Americans love their cellphones. If we didn’t, we wouldn’t be willing to pay so much for them. According to the Bureau of Labor Statistics, the average American household spends $1,218 every year, or $101.50 per month, for cellphone service. That’s hardly surprising when you consider that unlimited monthly plans from the three largest carriers — AT&T, T-Mobile, and Verizon — start at $60 for a single line and range well into the hundreds of dollars.
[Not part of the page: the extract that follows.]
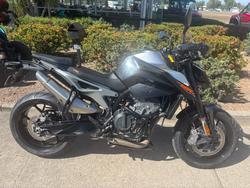 KTM 790 Duke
Although these three companies hold the lion’s share of the market for cellphone service, they’re not the only sources. For consumers willing to look beyond the big three, there are plenty of ways to stay connected at a more reasonable rate — and you don’t have to give up decent coverage to do it. This makes swapping out your pricey cellphone plan for a cheaper plan one of the easiest ways to save money on a tight budget.

There are several ways to reduce your cellphone bill. Prepaid plans generally cost less than monthly plans, especially if your usage is low. In addition, there are several budget providers — some of which are actually subsidiaries of the big three — that offer cheaper coverage.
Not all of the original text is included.